Audio and Video Translation (Public Beta)

The audio and video function is currently in the public beta stage. Welcome to feedback your experience to me, and I will improve it as much as possible.

Also, please note that the audio and video function needs to use Tencent's real-time speech recognition service to convert audio to text. Whether you are a member or not, this service currently requires additional purchase of translation points to use, because this service requires additional information besides the key to call, and the selection translation currently does not support filling in this additional information. I will change it to be able to use it through the key in future versions, and the progress can be followed Issue #1569.

Since v8.3.0, 划词翻译 has added an audio and video translation function, which can be used to translate audio and video on web pages.

The audio and video translation function can be opened in either of the following ways:

  • Right-click on the webpage, select "划词翻译" -> "Audio and Video Translation" in the pop-up right-click menu
  • Click the "Video" icon in the upper left corner of the translation panel

After opening the audio and video translation function, a pop-up will appear in the lower right corner of the webpage, and the audio and video on the webpage will automatically pause. Then you can choose one of the following two ways to translate the audio and video on the webpage.

The audio and video function is in internal testing

The audio and video function was tested on Youtube and Bilibili during development, and theoretically supports other video websites as well, but some video websites may be special. When the audio and video are turned on, it will prompt "No audio and video on the current page" or cannot recognize the text. If you encounter such video websites, please feedback to me, and I will make adaptations.

First: Translate Sentence by Sentence

After clicking the "Play video and start recognition" button, the video will start playing, and the button will change to "Stop recognition and translate". Then 划词翻译 will start receiving the video's speech for recognition, and the recognized text content will be updated in real-time and displayed below the button. The text content that has not been recognized will be displayed in gray, and the recognized content will be displayed in white.

You can click the "Stop recognition and translate" button at any time. After clicking, 划词翻译 will send the recognized text to the translation panel for translation.

Second: Real-time Translation

After clicking the "Play video and start translation" button, 划词翻译 will start recognizing the video's speech as text, and the text content will be updated in real-time and displayed below the button. When a complete sentence is recognized, the text content and translation result will be displayed in black background and white text at the top of the entire webpage as real-time subtitles.

Note: 划词翻译 v8.3.0 will use the [Google Translate] by default to get the translation result, and later versions will open the choice.

warning

The Tencent Cloud real-time speech recognition service used by 划词翻译 currently cannot accurately break sentences, so in some videos with compact speech, it may happen that the video says several sentences before 划词翻译 displays a large block of translation results. In this case, it is recommended to use the sentence-by-sentence translation. In future versions, 划词翻译 will integrate more speech recognition services to improve recognition accuracy.

How should I choose?

If you want to get more accurate translation results, choose "Translate Sentence by Sentence". Sentence-by-sentence translation allows you to manually break sentences, which also improves translation accuracy. In addition, since it is translated using the translation panel, multiple translation services will be displayed for comparison.

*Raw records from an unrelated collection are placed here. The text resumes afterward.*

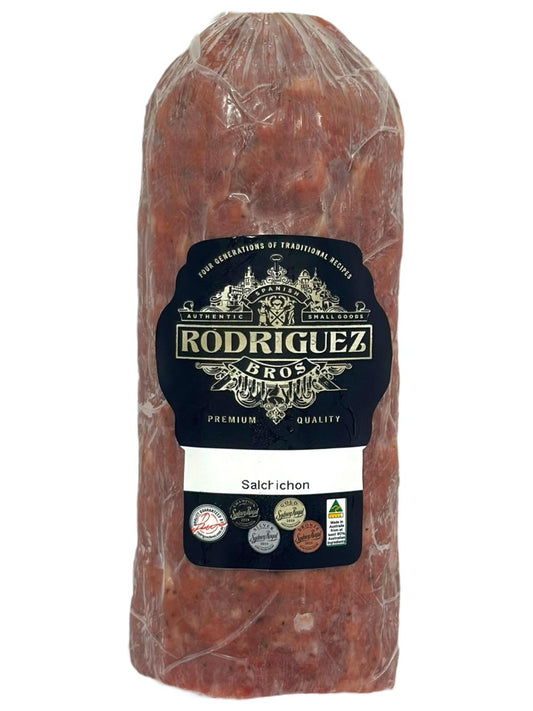 Salchichon Half Salami Approx 400g random weight packet. Regular price $12.50 AUD [You are guaranteed to receive at least 390g of product, equivalent price of $32.05 per kg.]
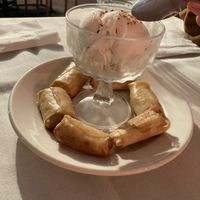 Vegan ice cream with fried banana at Zabb Thai Cuisine Newport Beach in Newport Beach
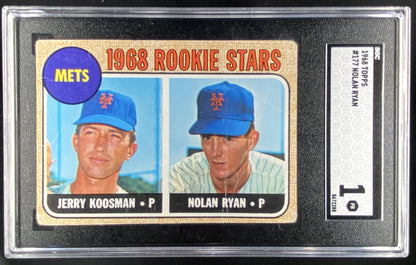 1968 Topps Jerry Koosman / Nolan Ryan #177 graded SGC 1 trading card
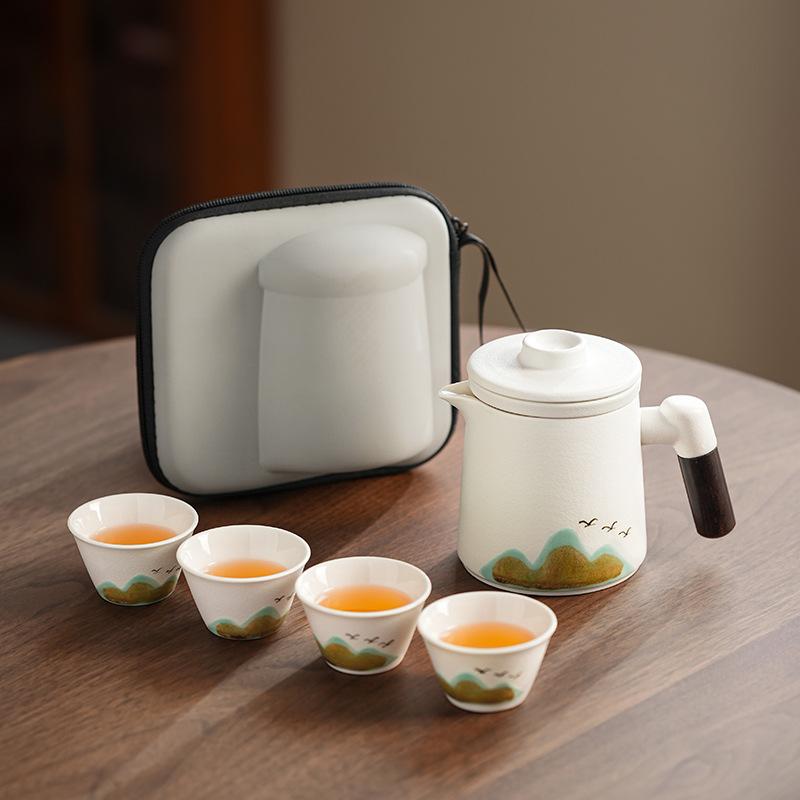 Guochao Accompanying Gift Coarse Pottery Office Cup Holiday Gift Qingshan Flying Bird Portable Car Express Travel Tea Set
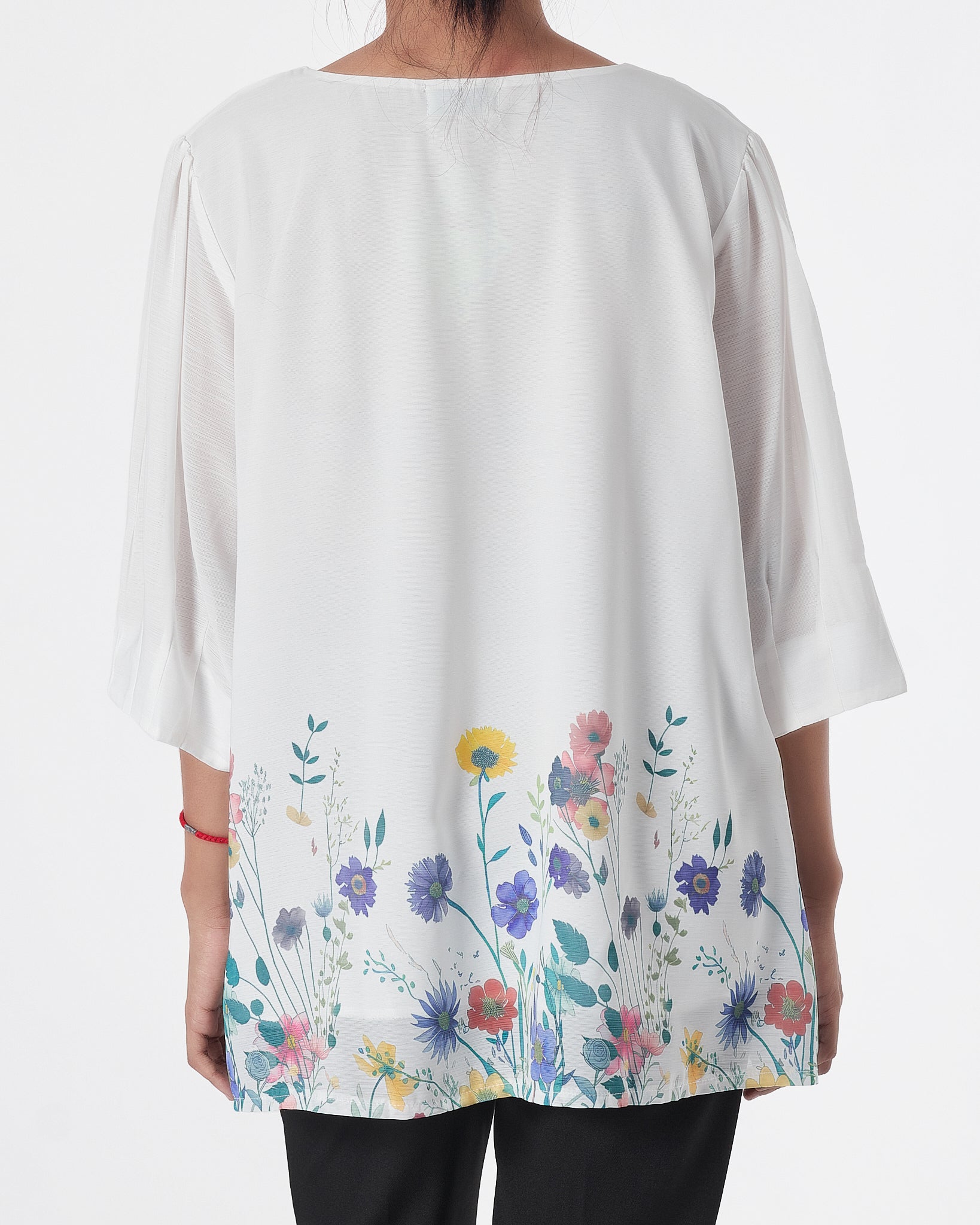 Floral Lady White  Shirts Short Sleeve 16.90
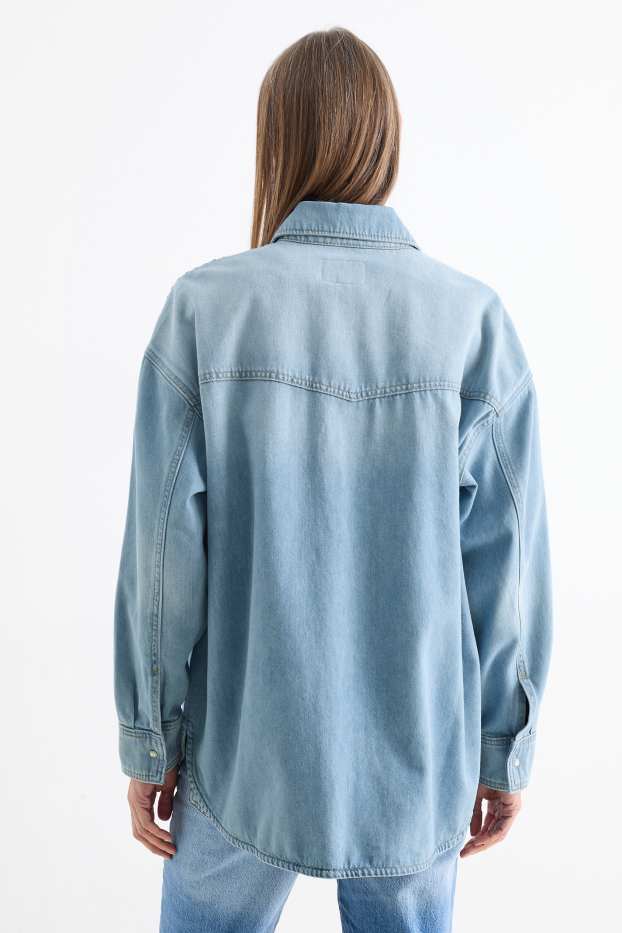 Dames - Spijkerblouse - jeanslichtblauw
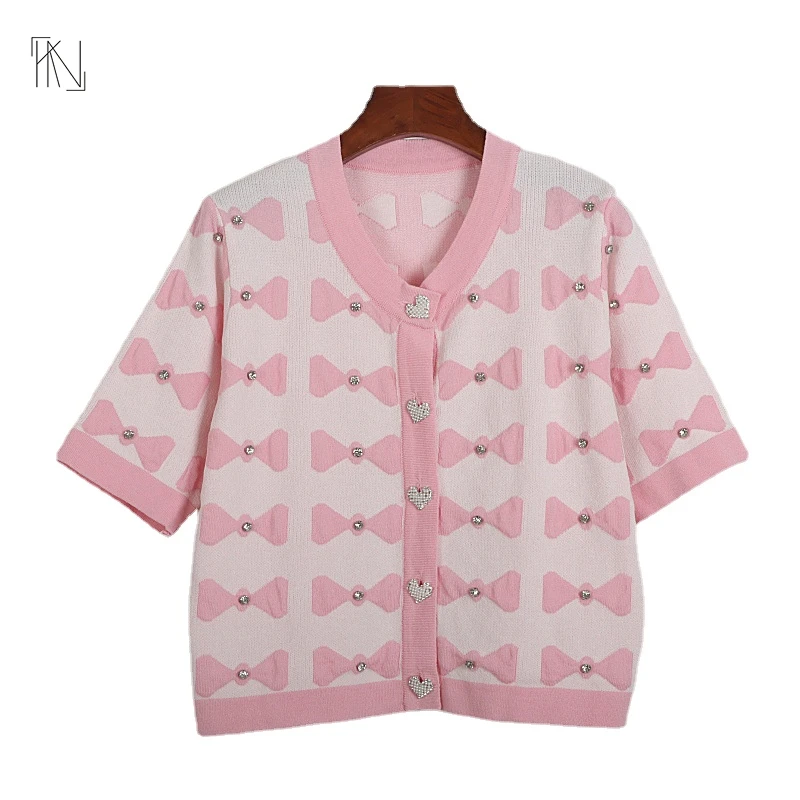 

Tweed Love Button Five-part Sleeve Knitted Cardigan Fall 2022 New Women French Bow Print Round Neck Loose Single-breasted Jumper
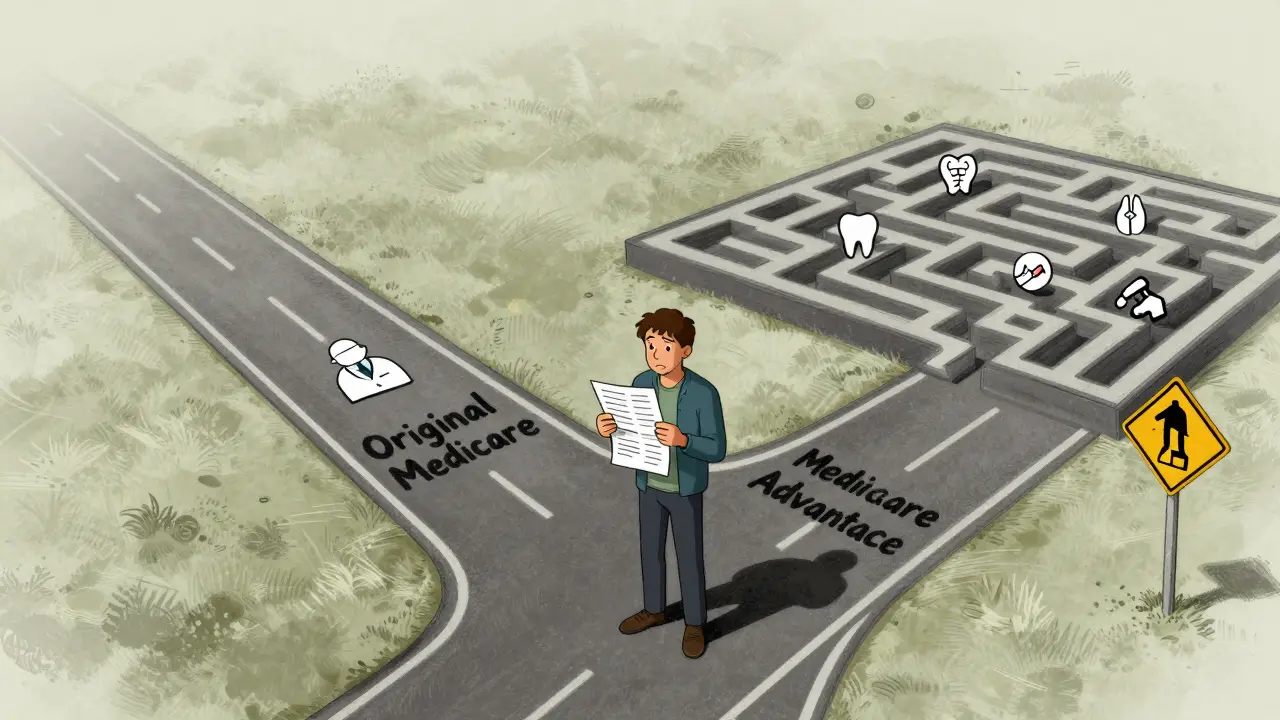 Person choosing between Medicare plan options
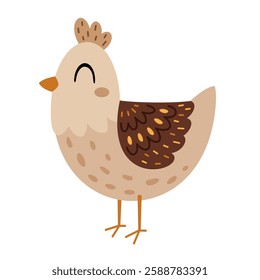 Boho hen clipart. Cute Easter chicken in cartoon flat style. Hand draw vector illustration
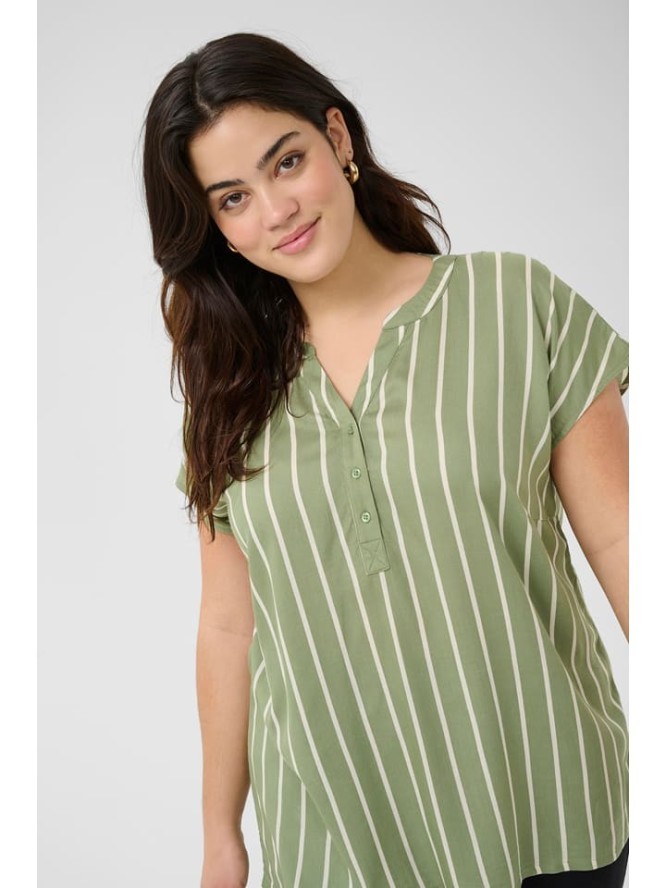 KAFFE curve Bluzka w kolorze zielono-kremowym rozmiar: 44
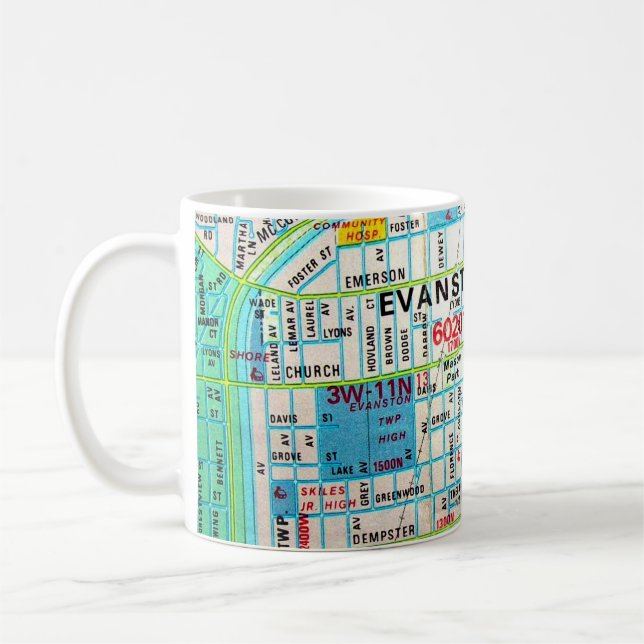 EVANSTON IL-vintagekarta Kaffemugg (Vänster)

If you want to display translation results in real-time as the video plays, choose "Real-time Translation". Under real-time translation, the translation service will automatically determine when to break sentences, but it is not accurate, so real-time translation sacrifices translation accuracy to achieve "almost" real-time subtitles. In addition, real-time translation will only display the translation result of one translation service (currently fixed to use the translation result of [Google Translate]).

Other considerations

The built-in speech recognition service of 划词翻译 does not support the audio and video translation function, so only Tencent Cloud's real-time speech recognition service can be used. Using Tencent Cloud's real-time speech recognition service requires going to the [service application] page to purchase translation points.

If you run out of translation points during use, the recognition service will be disconnected immediately. To avoid affecting use, please ensure that you have enough translation points.